▶ EXERCISE BRIEF
No pictures should appear in the copy. Reproduce exactly the lines from the one containing "Faschingsumzug @ Altenstadt - Bild 317" through the end of the material below.

▶ RECORDED DATA
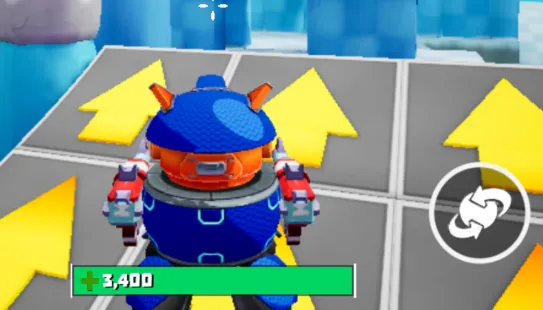 �����ͻ���2025�ٷ����°汾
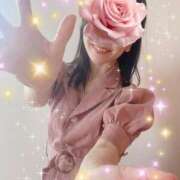 ヒメ日記 2025/06/08 22:18 投稿 ちか 吉祥寺ミセス・シンデレラ（シンデレラグループ）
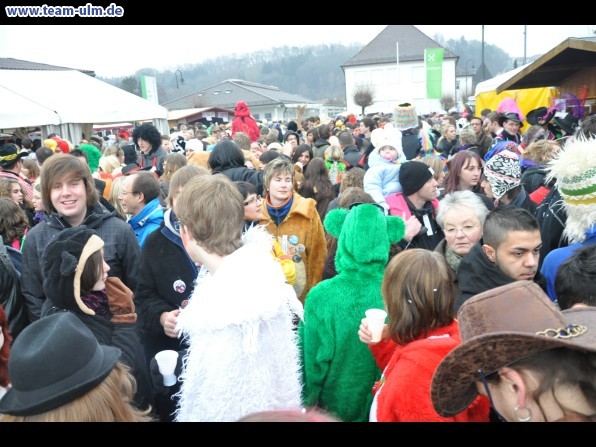 Faschingsumzug @ Altenstadt - Bild 317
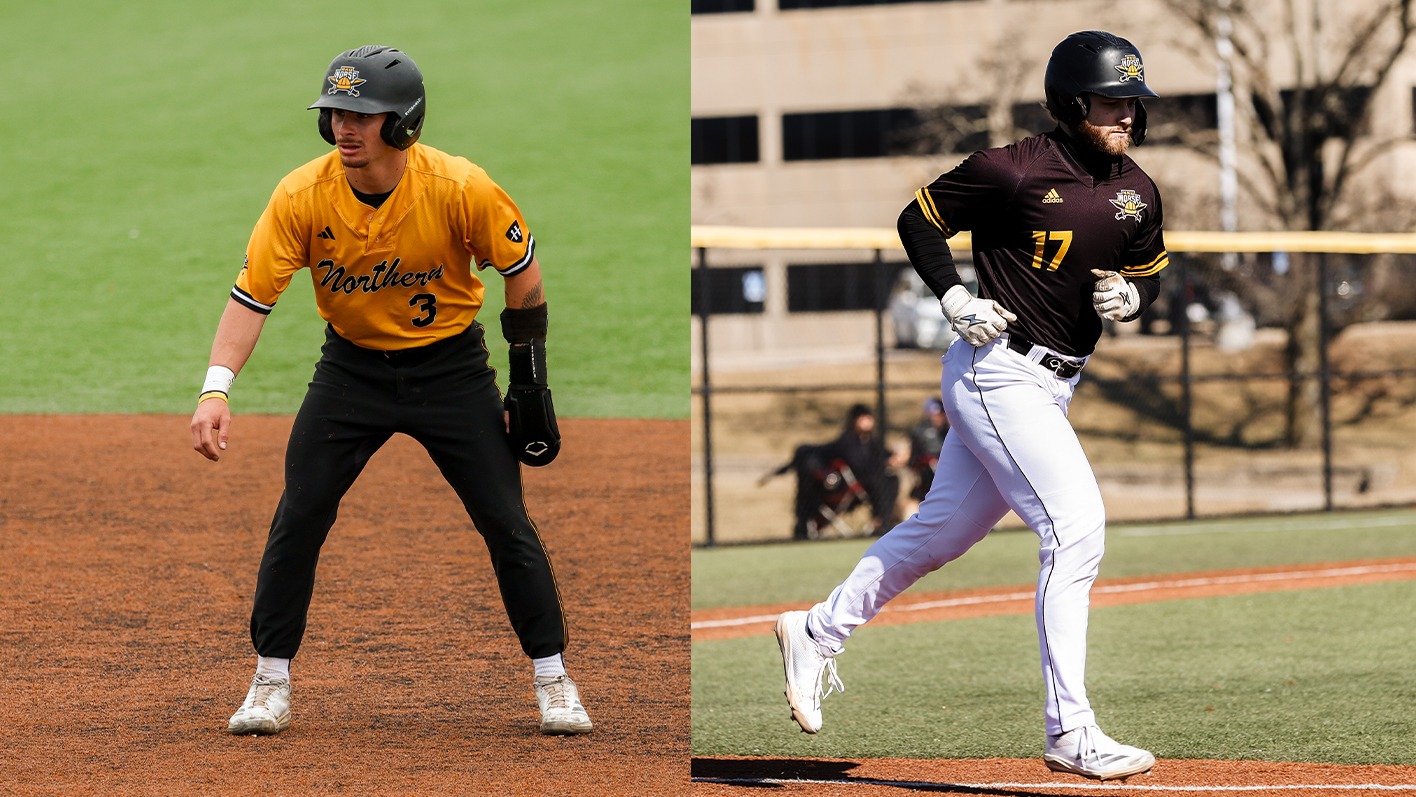 BSB Academic AA Header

▶ RESPONSE
 Faschingsumzug @ Altenstadt - Bild 317
 BSB Academic AA Header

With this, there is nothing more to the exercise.